Ver. 7.—If the ministration of death … was glorious. If the ministration and promulgation of the old law, which threatened and brought death and condemnation, were glorious, i.e., accompanied by thundering and the sound of the heavenly trumpet, by an earthquake and the splendour of Moses’ countenance: if the old law, engraven on tables of stone, was so gloriously promulgated, how much more glorious is the Gospel?

Paul here calls the old law the attendant and lictor of death, because it could indeed slay them that broke it, but not give life to them that kept it. From this we may gather that S. Paul is writing against the false apostles, and that they were Jews who were endeavouring to blend the old and the new law. He therefore silences the Jews by depreciating the old law as the law of condemnation, and by extolling himself and his fellow-apostles as the ministers of the evangelical law of righteousness and the life of the Spirit. Cf. in this connection chaps. 10 and 11.
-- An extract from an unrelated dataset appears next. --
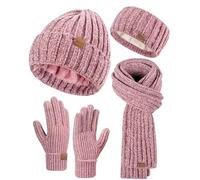 Winuesa Headbands Hat Scarf and Gloves Set Ladies, Chenille Beanie Hat Women Fleece Lined Touchscreen Gloves Women Knit Scarf Ear Warmers 4 in 1 Cold Weather Gift Set(Pink)
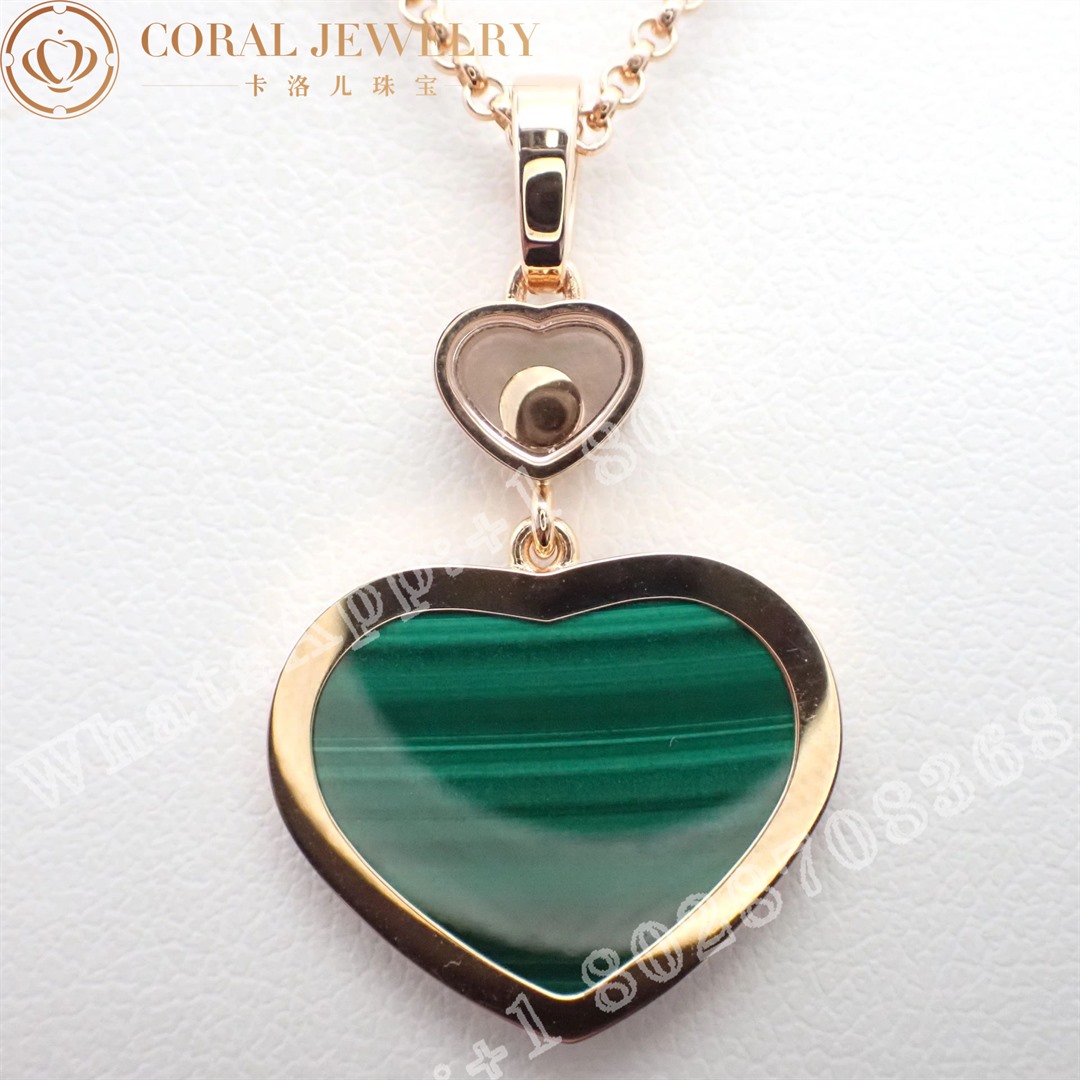 Chopard Happy Hearts Pendant, Ethical Rose Gold, Diamond, Malachite 797482-5151 - Image 3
Ver. 8.—How shall not the ministration of the spirit be rather glorious? This glory of the evangelical law of righteousness was seen in the mighty wind and the different tongues of fire which, when the new law was promulgated, glorified the Apostles before all nations. It was seen too in the gifts of tongues, of prophecy, &c., which used to descend visibly on Christians, as appears from 1 Cor. 14:26; even as now the graces, gifts and virtues of the Holy Spirit are received invisibly.

So that the children of Israel could not stedfastly behold the face of Moses for the glory of his countenance. God as a sun so brilliantly shone on the face of Moses on the mount that his face shone as a second sun. The Vulgate rendering of Exod. 34:29 is that “he wist not that his face was horned while He talked with him,” where the “horns” of course refer to the appearance of rays of light.
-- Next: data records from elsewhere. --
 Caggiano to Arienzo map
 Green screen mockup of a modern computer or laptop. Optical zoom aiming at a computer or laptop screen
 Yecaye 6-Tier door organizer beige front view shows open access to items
Which glory was to be done away. This bright glory left Moses when he was dying, to signify that the old law would fade away with its glory when the new came.

Ver. 10.—For even that which was made glorious, &c. For, by a common Hebraism, is here assertive, not causal. The glory of Moses cannot be called glory when compared with that of the Apostolic office, which far excels it. “As,” says Theodoret, “the light of a lantern shines at night, but is at noonday overpowered by the sun, so was the glory of Moses overshadowed by Christ.” This is the bearing of the phrase “by reason of the glory that excelleth.”
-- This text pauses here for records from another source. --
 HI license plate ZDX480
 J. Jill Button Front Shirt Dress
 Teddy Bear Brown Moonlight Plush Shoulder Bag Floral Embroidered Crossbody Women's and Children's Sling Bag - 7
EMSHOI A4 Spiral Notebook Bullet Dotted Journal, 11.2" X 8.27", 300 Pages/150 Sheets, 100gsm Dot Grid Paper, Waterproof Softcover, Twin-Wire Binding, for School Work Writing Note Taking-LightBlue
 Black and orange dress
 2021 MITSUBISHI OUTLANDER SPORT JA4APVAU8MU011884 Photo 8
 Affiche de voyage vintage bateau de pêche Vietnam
Ver. 12.—Seeing then that we have such hope. Since the Lord diffuses the spirit of grace by us His Apostles, we have hope that He will hereafter give us glory far beyond that of Moses.

We use great plainness of speech. We preach the Gospel boldly, freely, frankly, openly.

Ver. 13.—And not as Moses, which put a vail over his face. Moses veiled his face, but we do not veil the face of Christ, but with great freedom bid all gaze upon it. From Exod. 34:33 we gather that Moses in his first interview with the people spoke to them with unveiled face because of the reverence due to the majesty of the law, but that he afterwards veiled his face that he might with the greater freedom speak to them. But when he entered the tabernacle (Exod. 33:8), to converse with God, he took away the veil. In this and the next three verses, S. Paul gives the allegorical meaning of this veiling; for to the Jews the Old Testament is covered with a veil, so that they do not see the light of the New Testament, and Christ contained in it. From us, however, Christ has taken away the veil, and will take it away from the Jews when they are converted at the end of the world.

S. Gregory (Pastor. pt. iii. c. 5) says tropologically: “The preacher should, like Moses, suit himself to his hearers: what is deep ought to be concealed from many that hear, and be opened out to very few.”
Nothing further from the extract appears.